Reproduce each line of the following material exactly, omitting the images.

● SUPPLIED MATERIAL
☆ ☆ ☆ ☆ ☆ ☆ ☆
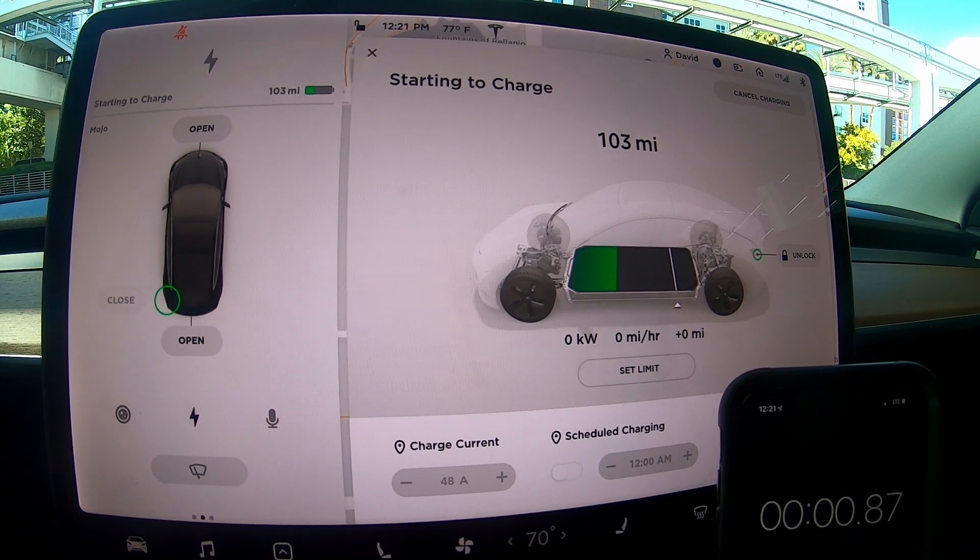Alright, we're plugged in. I'm going to set the timer and see how long it takes. I'm going to speed it up, so hang on for the ride and we'll talk about it once it finishes.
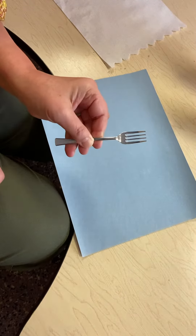Hi guys, it's Miss Erica. Today we are going to make some spring flowers. You will need some paint and a fork. Choose any color paint you like.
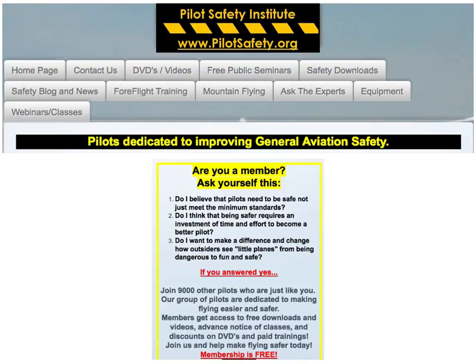Now that we've learned how to do it, come become a member. If you think that pilots need to be safe and not just meet minimum standards, if you think being safer requires an investment of time and effort to become a better pilot, and if you want to make a difference and show other people how safe and fun little planes really are, please come join our free group. We have over 9,000 pilots just like you that care about aviation safety. Come on over to Pilotsafety.org.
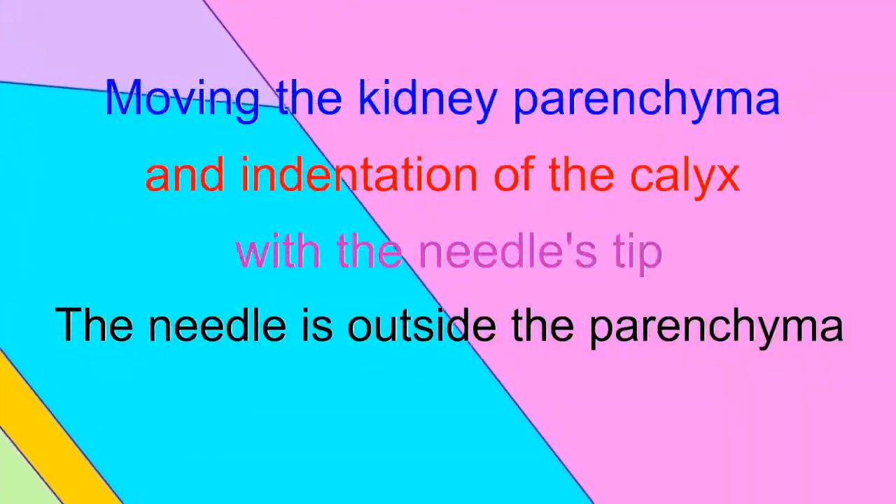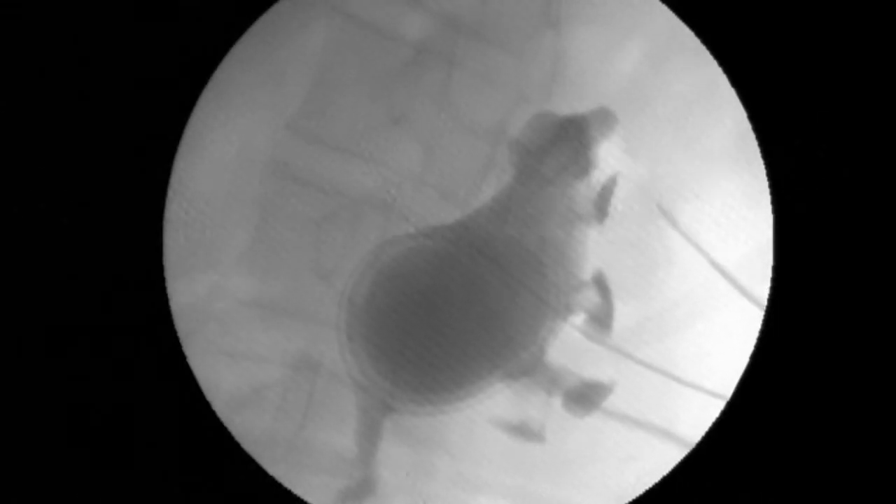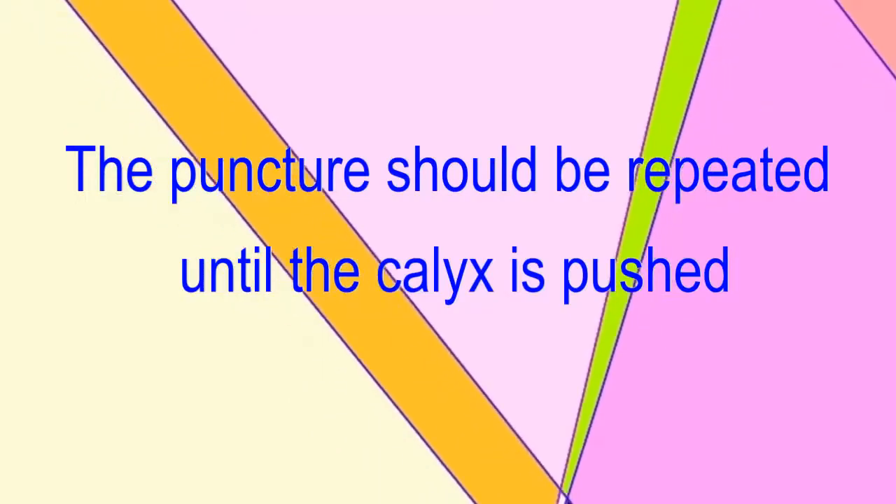To ensure that the needle is in the correct position, the calyx has to move with the parenchyma — the calyx will be pushed by the needle. The needle is still outside the parenchyma in this step. In one case, the kidney is moving but the calyx is not moving, meaning the needle is not in front of the calyx and should not be advanced. When the calyx also moves and is pushed by the needle, the needle is in front of the calyx — it is a good puncture.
☆ ☆ ☆ ☆ ☆ ☆ ☆
● ANSWER TO THIS PROBLEM
Alright, we're plugged in. I'm going to set the timer and see how long it takes. I'm going to speed it up, so hang on for the ride and we'll talk about it once it finishes.
Hi guys, it's Miss Erica. Today we are going to make some spring flowers. You will need some paint and a fork. Choose any color paint you like.
Now that we've learned how to do it, come become a member. If you think that pilots need to be safe and not just meet minimum standards, if you think being safer requires an investment of time and effort to become a better pilot, and if you want to make a difference and show other people how safe and fun little planes really are, please come join our free group. We have over 9,000 pilots just like you that care about aviation safety. Come on over to Pilotsafety.org.
To ensure that the needle is in the correct position, the calyx has to move with the parenchyma — the calyx will be pushed by the needle. The needle is still outside the parenchyma in this step. In one case, the kidney is moving but the calyx is not moving, meaning the needle is not in front of the calyx and should not be advanced. When the calyx also moves and is pushed by the needle, the needle is in front of the calyx — it is a good puncture.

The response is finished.